Templo de Ísis (Pompeia) – Wikipédia, a enciclopédia livre

Templo de Ísis
Localização atual
País  Itália
Município Pompeia
Dados históricos
Cidade Pompeia
Abandono 79
Notas
Escavações 1764 a 1781

O templo de Ísis foi um templo provavelmente dedicado à deusa Ísis no distrito do Teatro da cidade de Pompeia, no fim do século II a.C.[1] Atualmente faz parte do circuito aberto de visitação do sítio arqueológico da cidade. A presença do templo na cidade é um reflexo de seus laços com Alexandria, e evidências do culto à deusa foram encontradas em outras cidades vesuvianas, como Herculano e Estábia.[1]

Foi totalmente reconstruído após um terremoto ocorrido em 62, sendo um dos primeiros edifícios a serem reconstruídos e o único templo a ser completamente restaurado. Outros prédios importantes, como o templo da deusa Vênus, protetora da cidade, ainda estavam sendo reconstruídos ou haviam sido abandonados quando da data da erupção do Vesúvio. Isto pode ser considerado um indício da popularidade do culto a Ísis na cidade.[2]

As escavações de Pompeia se iniciaram em 1748,[3] e o templo de Ísis só veio a ser descoberto em 1764,[4] trazendo novo fôlego para as escavações e para o turismo na região por se tratar de um templo egípcio numa cidade romana.[5]

Arquitetura[editar | editar código-fonte]

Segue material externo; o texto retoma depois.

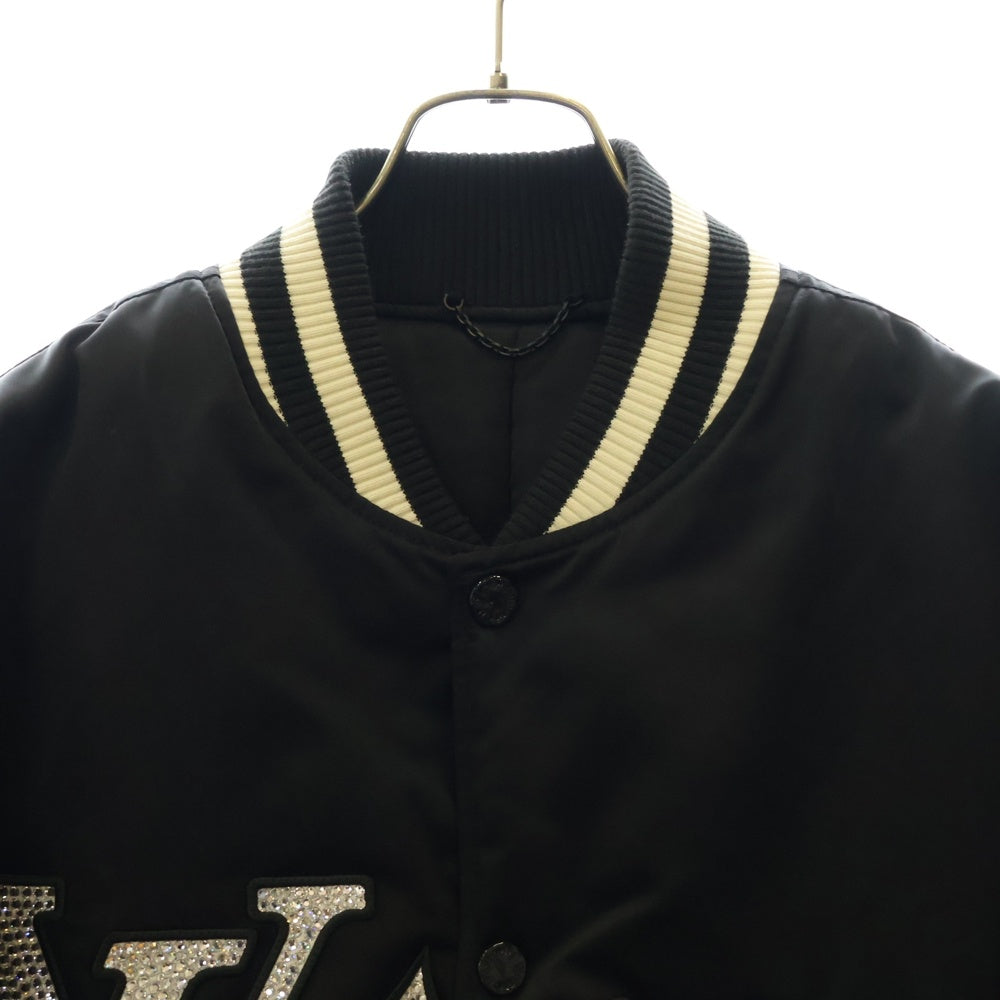 LOUIS VUITTON(ルイヴィトン) 24SS エンブロイダードナイロンベースボールブルゾン ジャケット ブラック RM241 GPD HQB71E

Maquete do templo, Museu Arqueológico Nacional de Nápoles

O templo de Ísis foi o primeiro templo egípcio encontrado intacto e adornado com pinturas, esculturas e mosaicos em Pompeia.[6] Localizado no distrito do Teatro e sendo menor que os demais templos da cidade,[7] era cercado por um muro alto e, na sua entrada principal, estava a inscrição sobre as reformas custeadas por Numério Popídio Celsino, de apenas seis anos, filho do liberto Numério Ampliato, que teria conseguido influência na cidade e entre os decuriões do templo através das doações realizadas em nome de seu filho.[8][9]

A inscrição na entrada diz:

Dedicatória da reconstrução do templo financiada por Numerius Popidius Ampliatus, em nome de seu filho Celsinus

"N(VMERIVS) POPIDIVS N(VMERII) F(ILIVS) CELSINVS AEDEM ISIDIS TERRAE MOTV CONLAPSAM A FVNDAMENTO P(ECVNIA) S(VA) RESTITVIT. HVNC DECVRIONES OB LIBERALITATEM CVM ESSET ANNORVM SEXS ORDINI SVO GRATIS ADLEGERVNT." (Corpus Inscriptionum Latinarum X, 846)

Em tradução:

"Numério Popídio Celsino, filho de Numério, após a queda do Templo de Ísis pelo terremoto, reconstruiu o Templo com o seu próprio dinheiro. Os decuriões, em retribuição a sua generosidade, os aceitaram como parte dos seus sem que pagasse nenhuma taxa, mesmo que ainda contasse com seis anos de idade."[10]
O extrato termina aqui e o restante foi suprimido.